Records from a data source
######

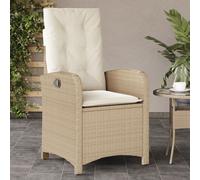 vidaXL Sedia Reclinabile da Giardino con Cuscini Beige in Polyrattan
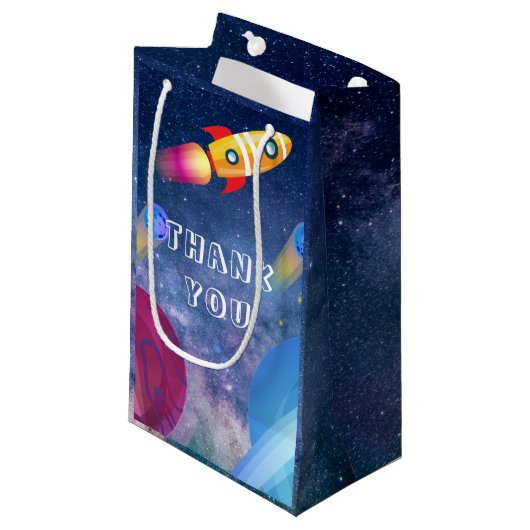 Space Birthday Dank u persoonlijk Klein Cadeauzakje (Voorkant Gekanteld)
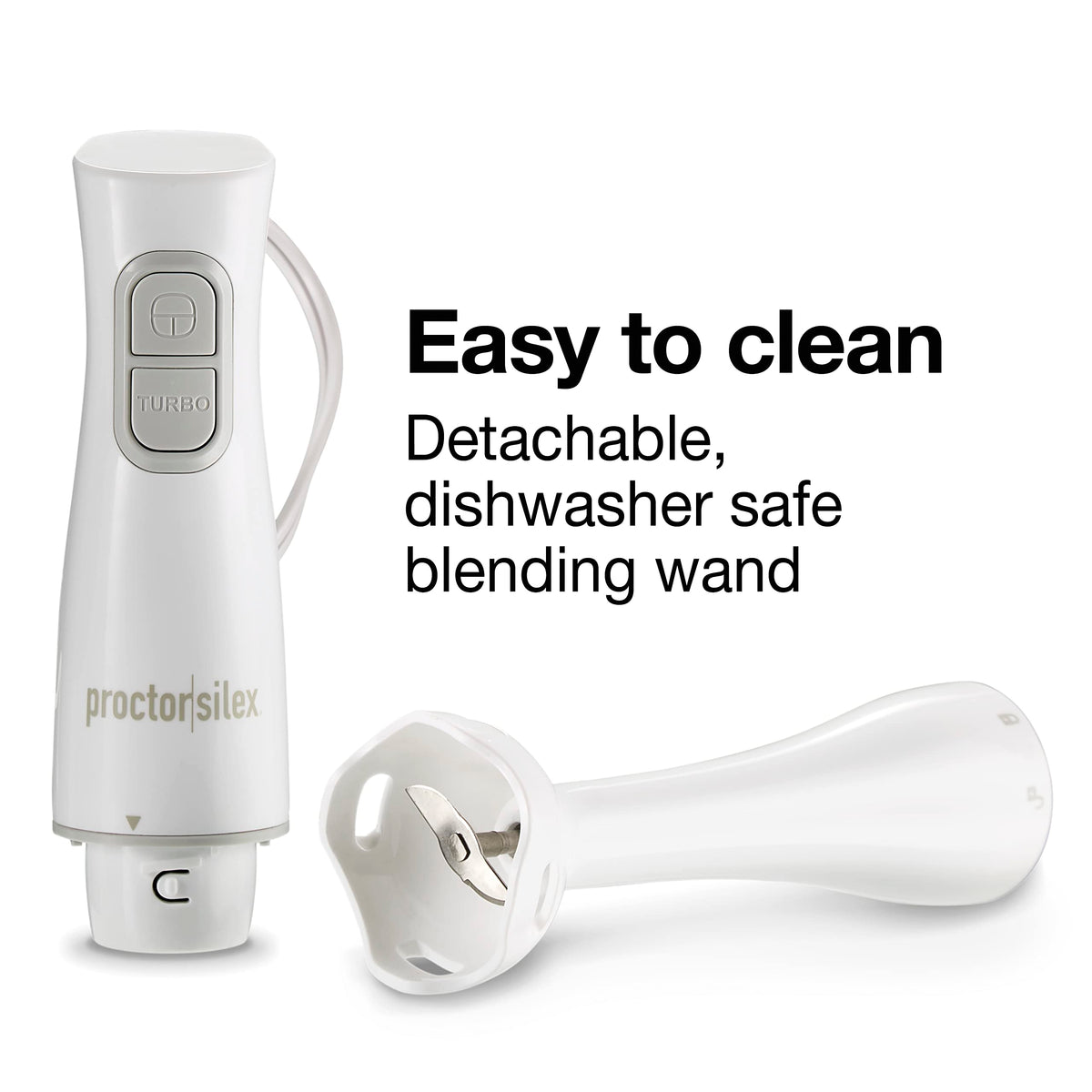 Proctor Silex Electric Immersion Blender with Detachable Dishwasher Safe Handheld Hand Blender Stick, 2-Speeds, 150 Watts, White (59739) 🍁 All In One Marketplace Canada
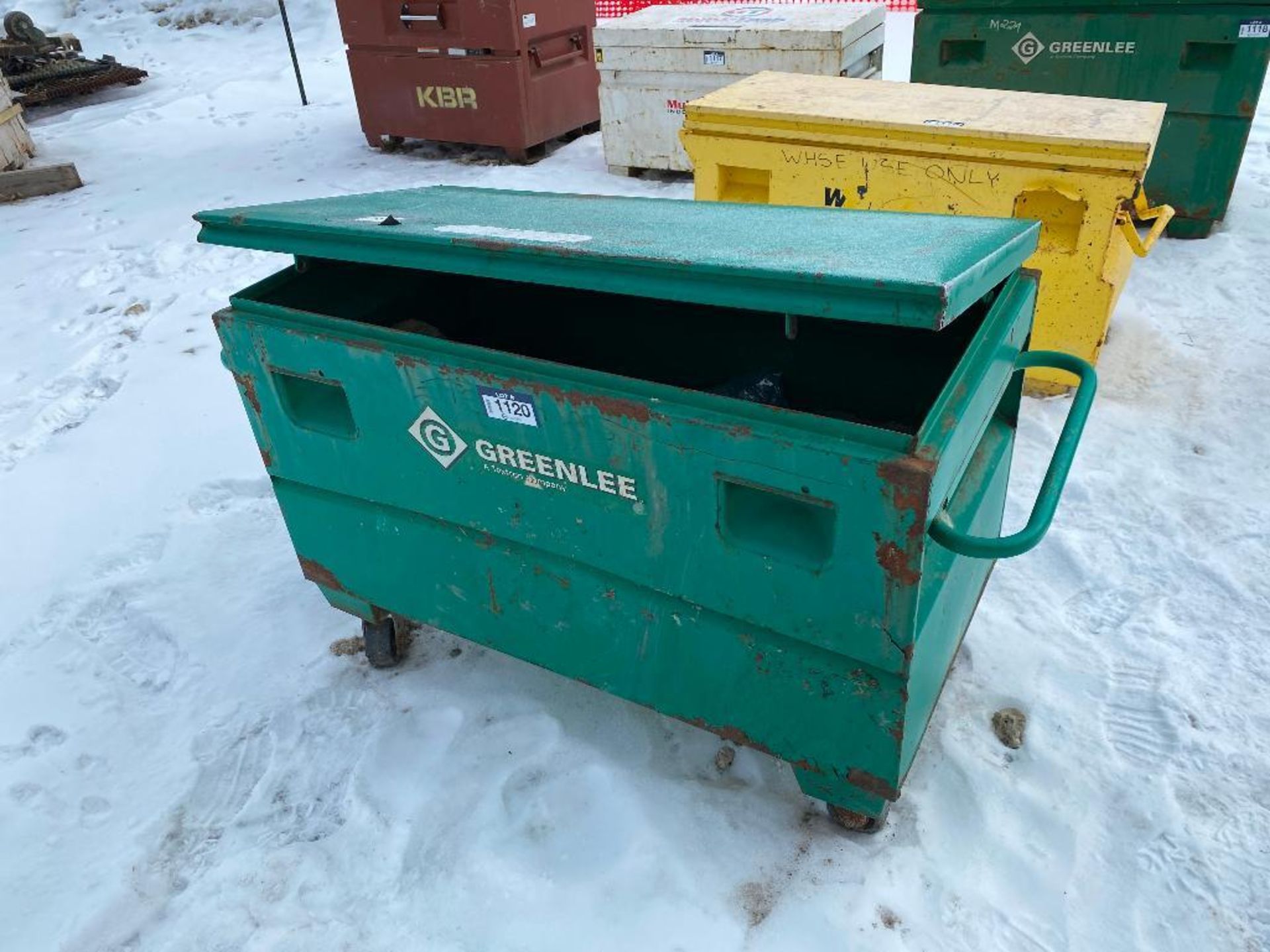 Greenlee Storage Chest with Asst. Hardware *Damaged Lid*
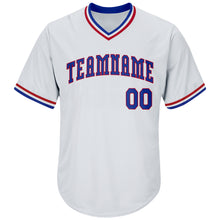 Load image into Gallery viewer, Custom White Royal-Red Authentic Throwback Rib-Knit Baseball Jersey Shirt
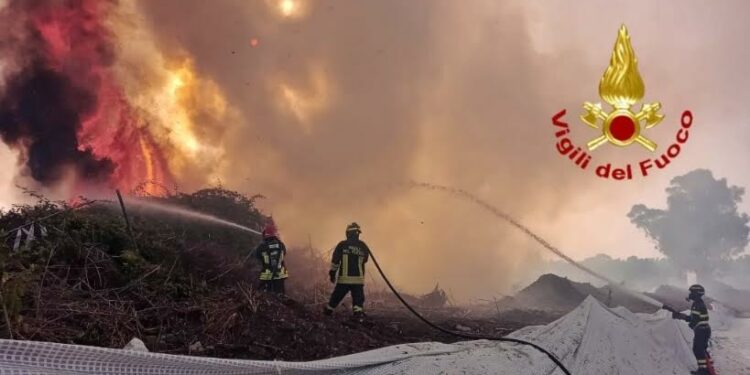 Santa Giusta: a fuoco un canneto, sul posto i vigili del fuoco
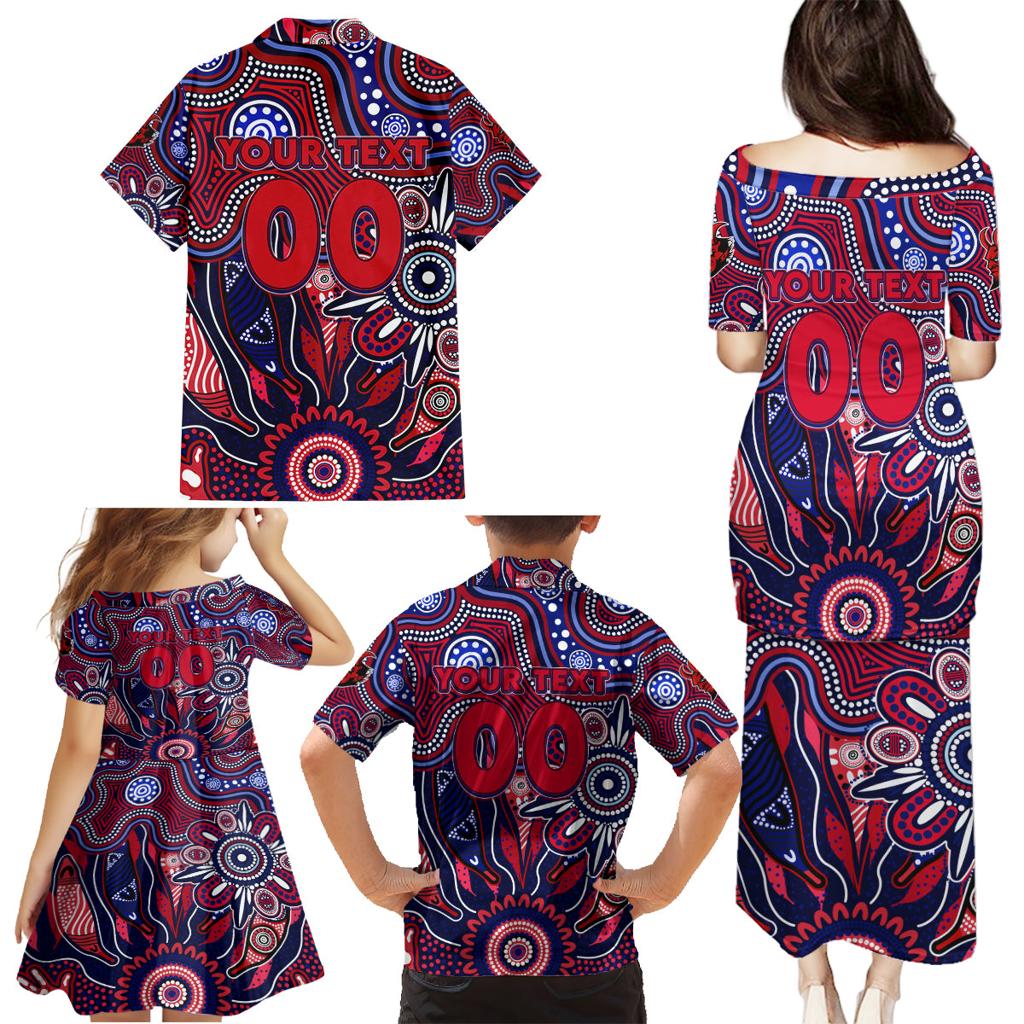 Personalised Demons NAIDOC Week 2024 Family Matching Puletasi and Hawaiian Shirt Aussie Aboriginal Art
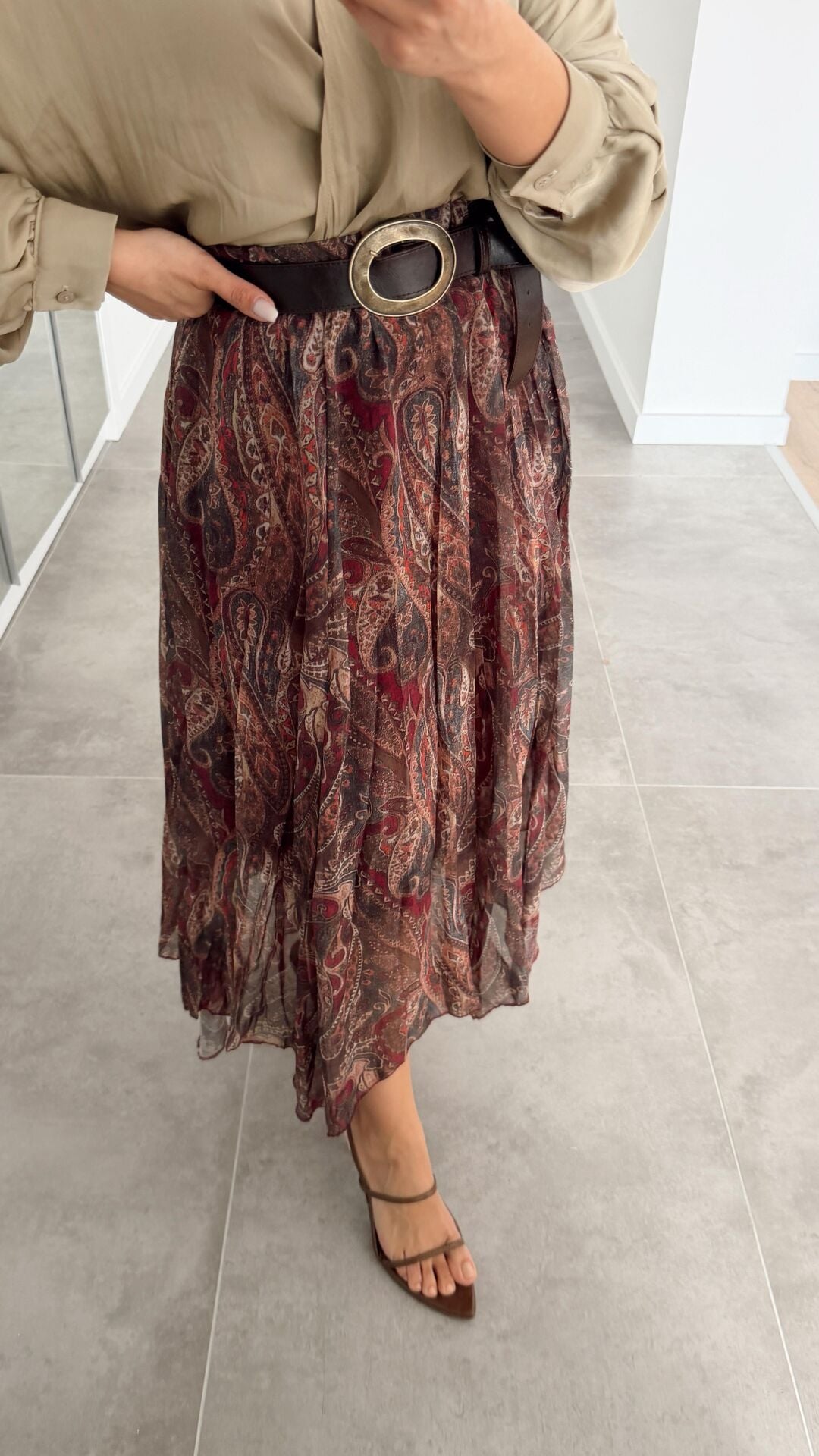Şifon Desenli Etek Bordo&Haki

######

Brief:
Would you transcribe, exactly and only, the lines from the one that contains "Proctor Silex Electric" through the last line of the data above, without any pictures?

Answer below:
 Proctor Silex Electric Immersion Blender with Detachable Dishwasher Safe Handheld Hand Blender Stick, 2-Speeds, 150 Watts, White (59739) 🍁 All In One Marketplace Canada
 Greenlee Storage Chest with Asst. Hardware *Damaged Lid*
 Load image into Gallery viewer, Custom White Royal-Red Authentic Throwback Rib-Knit Baseball Jersey Shirt
 Santa Giusta: a fuoco un canneto, sul posto i vigili del fuoco
 Personalised Demons NAIDOC Week 2024 Family Matching Puletasi and Hawaiian Shirt Aussie Aboriginal Art
Şifon Desenli Etek Bordo&Haki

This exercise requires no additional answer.